To view, the mirror rested at 45 degrees bouncing the view through the lens up to the viewfinder. On snapping a photo, the mirror swept up and blocked the finder while fully exposing the shutter mechanism and film frame. For the mirror to work, it had to clear the rear lens element. This made even ‘normal’ lenses a design challenge. A wide angle lens like the 40mm Zeiss Flektogon was remarkable and even wider lenses like the Angenieux 35mm and 28mm unbelievable!
To work the SLR mirror magic, at infinity the rear element had to be located beyond the edge of the mirror. Angenieux did this by using a ‘retrofocus’ design with a rather difficult trade-off. Their lenses suffered from drastic barrel and pin-cushion geometric distortion. Tilting the camera while shooting straight lines made the distortion even more obvious.
Lens coatings, a wide range of optical glass, computers, etc. led to designs that gave the mirror room to move while over-coming most geometric distortion. And the 35mm SLR became the camera of choice. In the rangefinder era some companies like Leitz and Zeiss used mirror boxes as a solution. The mirror box purposely used a larger mirror to improve brightness. Lenses beyond, say a 135mm focal length, could fit such a mirror box while shorter focal length lenses that benefitted from a rangefinder could be easily accommodated directly allowing focal lengths down to 28mm to be feasible with little or no geometric distortion.
When the Japanese cameras like Nikon and Canon emerged, SLRs went from odd film designs to preferred designs and after a century to the common digital SLRs (DSLRs). In time digital technology allowed an instant view of the scene making mirrors unnecessary.
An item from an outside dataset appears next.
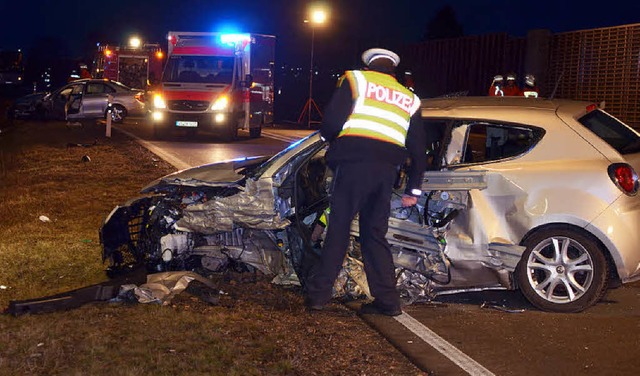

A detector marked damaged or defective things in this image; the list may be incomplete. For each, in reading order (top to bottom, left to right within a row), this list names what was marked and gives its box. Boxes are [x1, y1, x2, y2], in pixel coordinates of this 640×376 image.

crumpled car hood [140, 156, 270, 192]
severely damaged car [100, 96, 640, 312]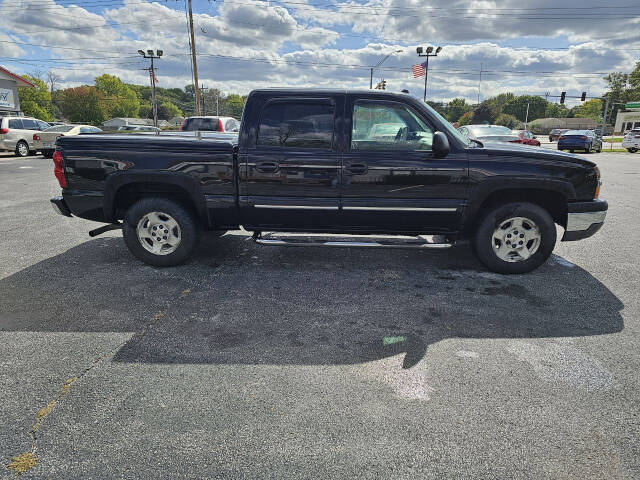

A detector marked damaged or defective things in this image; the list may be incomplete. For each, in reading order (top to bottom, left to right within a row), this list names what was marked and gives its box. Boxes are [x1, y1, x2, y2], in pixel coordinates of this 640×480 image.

crack in asphalt [5, 286, 190, 478]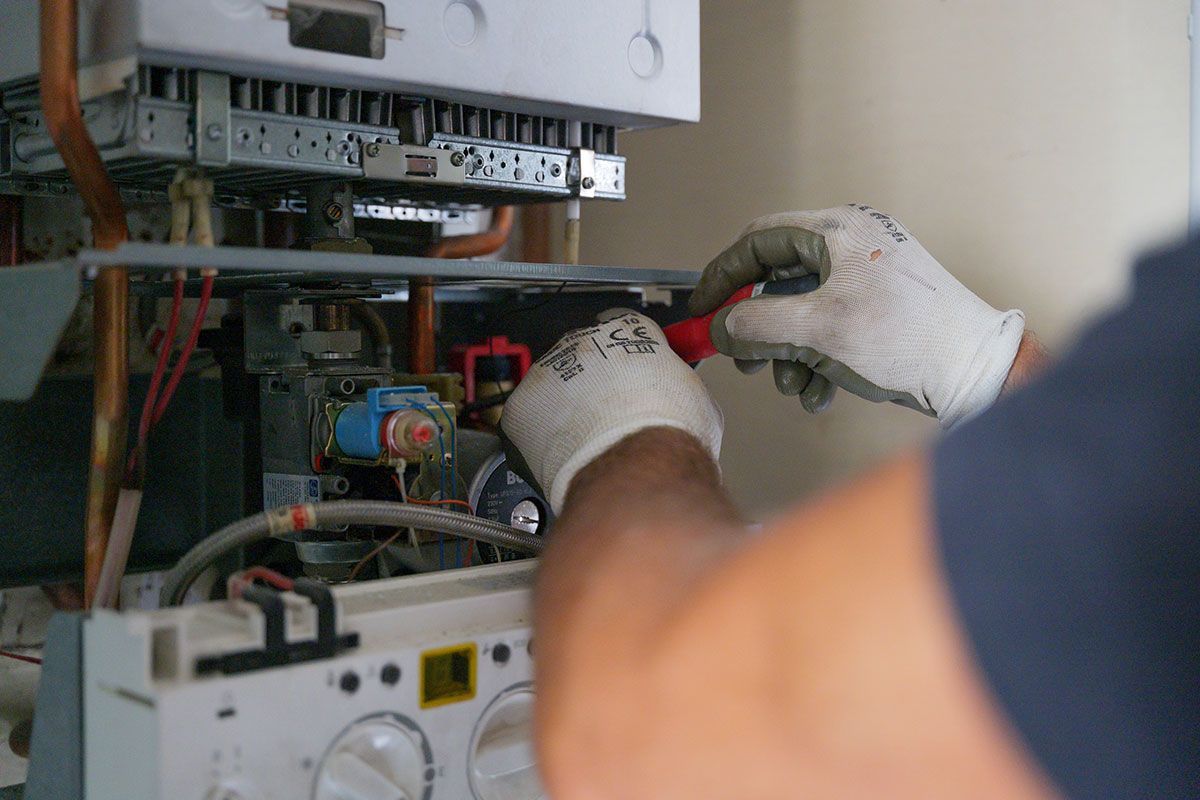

The preferred professional camera design was the DSLR with the less costly ‘mirrorless’ cameras preferred by advanced amateurs. Smartphones came with a mirrorless camera whose tiny lens usually gave an angle of view like the 35mm film camera lenses – by far the most used focal length. Computer technology in the smartphone allowed creation of decent resolution, low noise, photos in spite of a tiny sensor. And mirrors – a point to ponder.